Opinion
No. CV 09-UNAS-PT-432-S.
August 6, 2009
Brian D. Turner, Jr., Samuel M. Hill, Hill Turner LLC, James H. McFerrin, McFerrin Stirling Hood, Birmingham, AL, for Plaintiffs.
Brad E. Rago, Charla L. Hausler, William E. McErlean, Barnes Thornburg LLP, Chicago, IL, Joshua Kerry Payne, Lana Alcorn Olson, Sara Anne Ford, Lightfoot Franklin White LLC, R. Bruce Barze, Jr., Daniel E. Harrell, Balch Bingham LLP, Birmingham, AL, for Defendants.
MEMORANDUM OPINION
I. Introduction.
Named plaintiffs have filed a proposed class action suit seeking declaratory, injunctive, and monetary relief for alleged harms suffered by them due to alleged illegal gambling contracts ("Purchase Agreements") they separately entered into with defendant Oasis Legal Finance, LLC ("Oasis"). The court has for its consideration Oasis's Motion to Dismiss for Improper Venue under Rule 12(b)(3). Named plaintiffs have filed a cross motion for partial summary judgment, but first the court will address only the Rule 12(b)(3) motion.

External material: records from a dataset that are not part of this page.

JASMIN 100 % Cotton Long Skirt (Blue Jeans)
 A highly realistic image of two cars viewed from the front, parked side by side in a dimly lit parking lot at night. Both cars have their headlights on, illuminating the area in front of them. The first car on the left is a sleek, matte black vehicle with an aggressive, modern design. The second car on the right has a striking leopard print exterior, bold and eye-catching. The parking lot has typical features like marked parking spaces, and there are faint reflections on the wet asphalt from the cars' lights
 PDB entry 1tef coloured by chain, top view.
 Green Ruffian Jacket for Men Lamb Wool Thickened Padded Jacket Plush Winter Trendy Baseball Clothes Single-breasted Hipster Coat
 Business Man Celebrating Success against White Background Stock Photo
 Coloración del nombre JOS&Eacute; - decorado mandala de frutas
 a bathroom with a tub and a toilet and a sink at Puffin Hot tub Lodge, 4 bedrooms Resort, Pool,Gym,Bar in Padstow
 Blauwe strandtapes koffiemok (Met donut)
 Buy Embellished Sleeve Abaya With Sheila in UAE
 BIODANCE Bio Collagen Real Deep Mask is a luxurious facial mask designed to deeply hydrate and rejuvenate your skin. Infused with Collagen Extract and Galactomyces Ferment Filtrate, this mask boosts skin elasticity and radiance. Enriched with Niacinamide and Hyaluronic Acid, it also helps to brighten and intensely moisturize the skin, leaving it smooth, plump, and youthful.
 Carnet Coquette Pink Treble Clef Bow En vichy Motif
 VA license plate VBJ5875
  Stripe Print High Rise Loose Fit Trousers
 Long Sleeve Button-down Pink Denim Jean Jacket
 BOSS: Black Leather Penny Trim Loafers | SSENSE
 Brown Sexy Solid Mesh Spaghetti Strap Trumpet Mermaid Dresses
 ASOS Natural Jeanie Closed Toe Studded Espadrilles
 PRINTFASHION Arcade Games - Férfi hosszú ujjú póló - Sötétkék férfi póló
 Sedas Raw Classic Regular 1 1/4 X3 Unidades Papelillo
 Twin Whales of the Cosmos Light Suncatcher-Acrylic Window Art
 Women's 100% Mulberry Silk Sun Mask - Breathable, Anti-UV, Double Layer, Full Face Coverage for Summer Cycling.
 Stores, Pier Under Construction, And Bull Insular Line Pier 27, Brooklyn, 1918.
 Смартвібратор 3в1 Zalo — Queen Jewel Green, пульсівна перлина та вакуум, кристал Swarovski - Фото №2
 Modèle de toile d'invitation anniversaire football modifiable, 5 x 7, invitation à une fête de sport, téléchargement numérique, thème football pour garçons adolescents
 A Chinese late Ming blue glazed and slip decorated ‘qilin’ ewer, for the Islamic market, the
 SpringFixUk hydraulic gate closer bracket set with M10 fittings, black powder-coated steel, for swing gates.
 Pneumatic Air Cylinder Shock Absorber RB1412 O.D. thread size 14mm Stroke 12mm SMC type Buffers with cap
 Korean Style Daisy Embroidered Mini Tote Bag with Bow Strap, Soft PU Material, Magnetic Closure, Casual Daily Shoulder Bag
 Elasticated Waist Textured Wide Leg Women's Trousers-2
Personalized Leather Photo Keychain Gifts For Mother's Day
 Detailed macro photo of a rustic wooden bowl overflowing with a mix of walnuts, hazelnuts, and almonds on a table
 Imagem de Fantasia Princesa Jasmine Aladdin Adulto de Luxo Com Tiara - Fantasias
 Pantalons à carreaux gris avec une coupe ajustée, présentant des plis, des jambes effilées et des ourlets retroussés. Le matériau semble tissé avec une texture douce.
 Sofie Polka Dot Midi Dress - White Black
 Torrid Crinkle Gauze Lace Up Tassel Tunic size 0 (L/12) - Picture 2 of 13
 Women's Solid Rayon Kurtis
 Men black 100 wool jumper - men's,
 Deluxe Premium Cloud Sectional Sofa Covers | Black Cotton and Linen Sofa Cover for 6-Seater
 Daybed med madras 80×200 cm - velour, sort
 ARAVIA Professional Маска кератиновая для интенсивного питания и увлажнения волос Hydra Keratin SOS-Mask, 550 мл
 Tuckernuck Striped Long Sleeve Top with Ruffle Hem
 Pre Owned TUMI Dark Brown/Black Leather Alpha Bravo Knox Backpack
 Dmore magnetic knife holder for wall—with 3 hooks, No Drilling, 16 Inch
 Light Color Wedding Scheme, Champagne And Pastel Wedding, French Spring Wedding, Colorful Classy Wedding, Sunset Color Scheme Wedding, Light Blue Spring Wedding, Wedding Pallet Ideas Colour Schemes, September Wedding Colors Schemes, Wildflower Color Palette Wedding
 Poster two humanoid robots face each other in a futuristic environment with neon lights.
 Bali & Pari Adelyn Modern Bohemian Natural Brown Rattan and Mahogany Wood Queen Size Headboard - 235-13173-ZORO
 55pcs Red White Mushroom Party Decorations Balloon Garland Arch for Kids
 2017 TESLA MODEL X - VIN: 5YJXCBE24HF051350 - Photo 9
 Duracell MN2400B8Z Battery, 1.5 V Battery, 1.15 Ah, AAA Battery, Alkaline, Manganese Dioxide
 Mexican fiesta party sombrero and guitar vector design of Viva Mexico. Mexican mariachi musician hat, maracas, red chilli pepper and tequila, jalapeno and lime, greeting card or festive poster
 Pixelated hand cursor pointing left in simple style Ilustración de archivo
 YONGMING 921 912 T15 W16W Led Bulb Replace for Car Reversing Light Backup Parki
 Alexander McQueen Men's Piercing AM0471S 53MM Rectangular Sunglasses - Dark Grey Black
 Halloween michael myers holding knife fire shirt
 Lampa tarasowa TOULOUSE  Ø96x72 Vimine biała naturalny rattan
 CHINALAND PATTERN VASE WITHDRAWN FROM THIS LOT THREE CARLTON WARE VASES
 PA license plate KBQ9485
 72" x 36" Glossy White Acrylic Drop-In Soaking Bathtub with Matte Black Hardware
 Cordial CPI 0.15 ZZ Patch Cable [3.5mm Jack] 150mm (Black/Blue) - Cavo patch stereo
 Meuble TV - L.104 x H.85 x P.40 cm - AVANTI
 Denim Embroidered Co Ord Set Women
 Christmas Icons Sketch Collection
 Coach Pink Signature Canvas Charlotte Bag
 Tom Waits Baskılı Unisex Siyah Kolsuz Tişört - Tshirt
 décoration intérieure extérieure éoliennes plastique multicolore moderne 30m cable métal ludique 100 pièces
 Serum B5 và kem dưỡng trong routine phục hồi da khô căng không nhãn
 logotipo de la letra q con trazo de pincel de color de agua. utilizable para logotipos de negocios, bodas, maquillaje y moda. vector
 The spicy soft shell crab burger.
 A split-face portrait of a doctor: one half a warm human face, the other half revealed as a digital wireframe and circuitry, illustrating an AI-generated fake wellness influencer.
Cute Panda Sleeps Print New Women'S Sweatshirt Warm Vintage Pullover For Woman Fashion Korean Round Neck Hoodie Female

Defendants Global Financial Credit, LLC. Blue Ocean Partners, LLC, and Cambridge Management Group, LLC were voluntarily dismissed without prejudice on May 12, 2009. (Doc. 12.) Plaintiffs agree that the putative class is limited to Alabama residents who signed the subject type agreements.
The parties executed the contracts at issue for at least partial delivery (payment of the "cash advance") within Alabama. See Ruiz de Molina v. Merritt Furman Ins. Agency, Inc., 207 F.3d 1351, 1355-56 (11th Cir. 2000) ("Alabama permits its courts to exercise jurisdiction over nonresidents to the fullest extent allowed under the Due Process Clause of the Fourteenth Amendment to the Constitution."). Both the contracts' provisions and the principle of lex loci contractus dictate that the substantive law of Alabama applies to the contracts. O'Neal v. Kennamer, 958 F.2d 1044, 1046 (11th Cir. 1992) ("A federal court in a diversity case is required to apply the laws, including principles of conflict of laws, of the state in which the federal court sits."); Cherry, Bekaert Holland v. Brown, 582 So.2d 502, 506 (Ala. 1991) ("Alabama follows the principle of "lex loci contractus," which states that a contract is governed by the laws of the state where it is made except where the parties have legally contracted with reference to the laws of another jurisdiction."). Neither party contests this court's original personal and subject matter jurisdiction.
II. Background.
Oasis is a Delaware limited liability company with its principal place of business located in Northbrook, Illinois. Oasis is in the business of providing "non-recourse funding" to plaintiffs involved in pending litigation. Oasis advances funds to the plaintiffs, the amount and terms of which are determined by Oasis, and, if a plaintiff does not obtain a recovery in the pending suit, he or she does not repay the advance. However, if the plaintiff does recover, he or she owes the advanced funds plus a premium, which is calculated as a function of the intervening time between the "purchase" and the ultimate settlement.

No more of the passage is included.